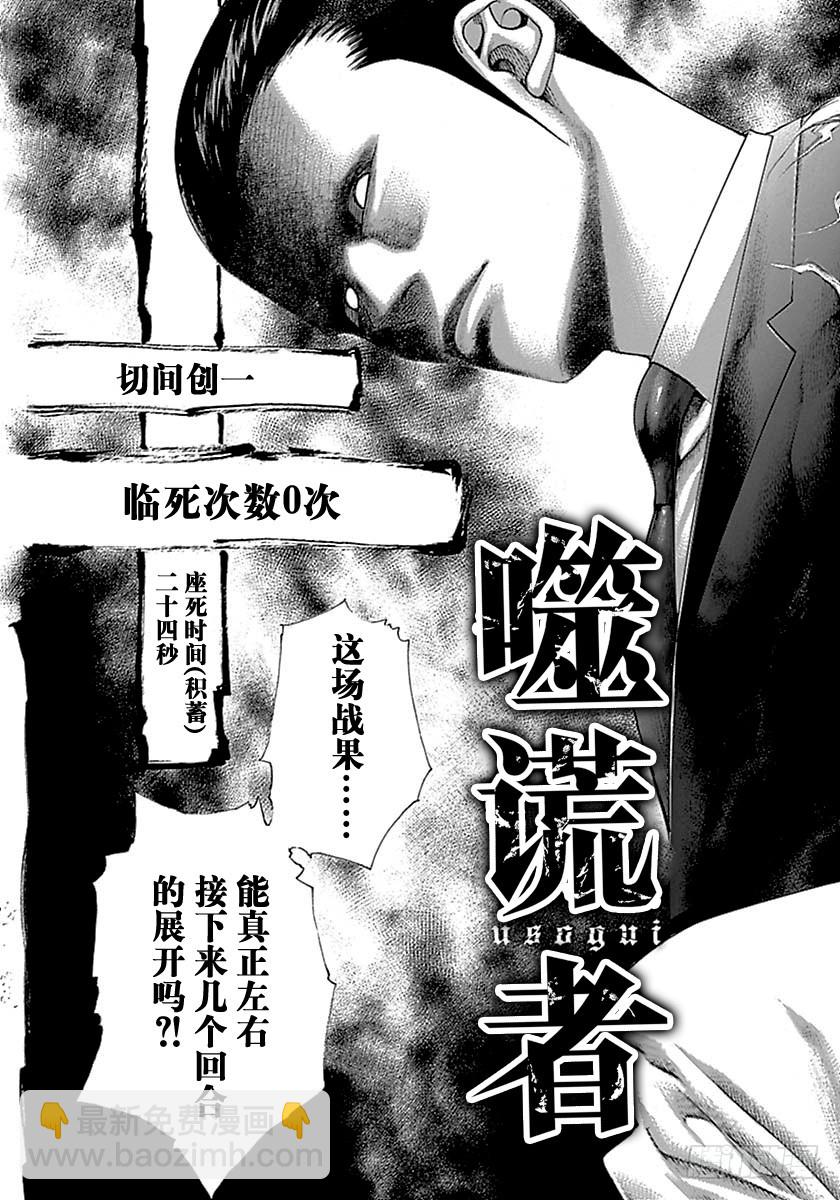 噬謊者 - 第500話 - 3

...

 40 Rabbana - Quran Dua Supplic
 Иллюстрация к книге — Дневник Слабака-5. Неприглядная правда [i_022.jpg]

Your task ->
Among the records above, a stretch begins at the line containing "40 Rabbana - Quran Dua Supplic" and ends at the line containing "Иллюстрация к книге". Restate that stretch word for word, and nothing else.

Exercise answer ->
 40 Rabbana - Quran Dua Supplic
 Иллюстрация к книге — Дневник Слабака-5. Неприглядная правда [i_022.jpg]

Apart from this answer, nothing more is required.